小さな黒い塊となったスルトを手のひらに乗せ、世界樹のシルは淡々と語っていく。


【 虚言に似た流説のマヴロス・オーブ。その真実と解読に要する時間は、この罪深き人間の寿命より遥かに長い時が必要かもしれません 】


【 マヴロス・オーブの言われが仮に真実で、既にいち個体として機能している現状から……、猶予はあまり無いと考えられます。もしかしたら、解読中に本格的に復活するやもしれません 】


アルガロスはエルとカルディアに支えられ、よろけながらもも立ち上がり、シルの言葉に耳を傾けていた。


【 それより…… 】


【 罪深き人間…このアルガロスに、悪魔を呑み込ませる事が出来れば、マヴロス・オーブの恐怖から逃れる事が出来るかもしれないのです 】


【 古のマヴロス・オーブ。その存在を逆手に取り、我々を優位にする事が出来る。

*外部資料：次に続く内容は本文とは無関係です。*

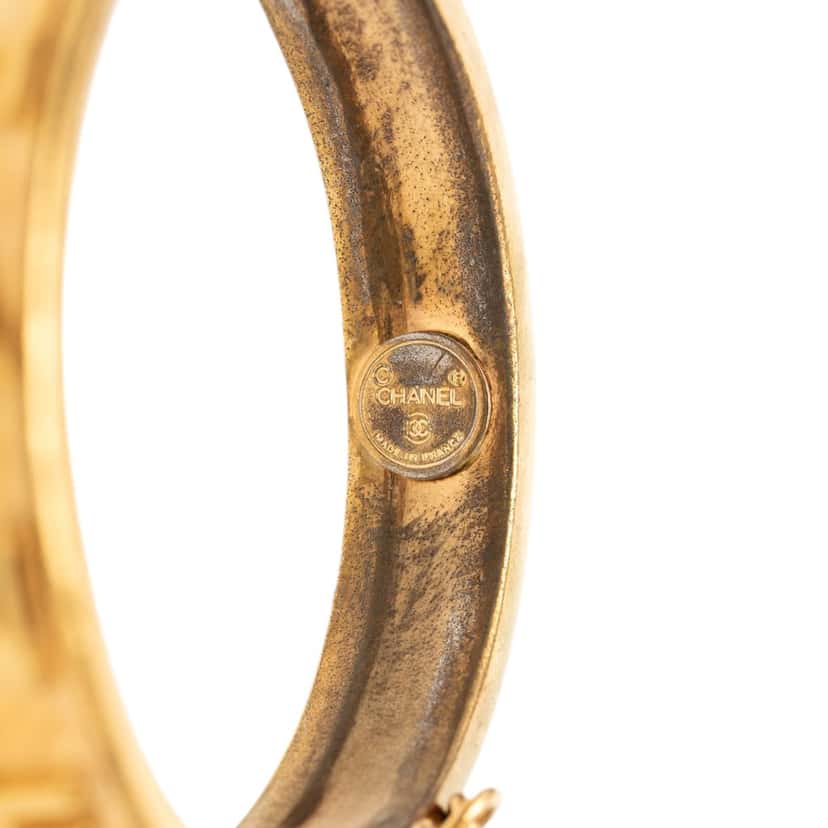 Chanel Gold Plated Logo Bangle Bracelet Gold Metal Very good condition - Box View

これは精霊界や下界にとってわずかですが安政を意味する事かもしれません 】


エル達も、スルトも世界樹シルの語りに静かに耳を傾けていた。

しかし、エルには疑問が……。


「……もし、悪魔を呑み込む事が出来なければ……?」


<フォッ………>


世界樹の草原に霊力の風が緩やかに漂い、草木を優しくたなびかせている。


エルの問いかけに、シルの小さな口が重く動く。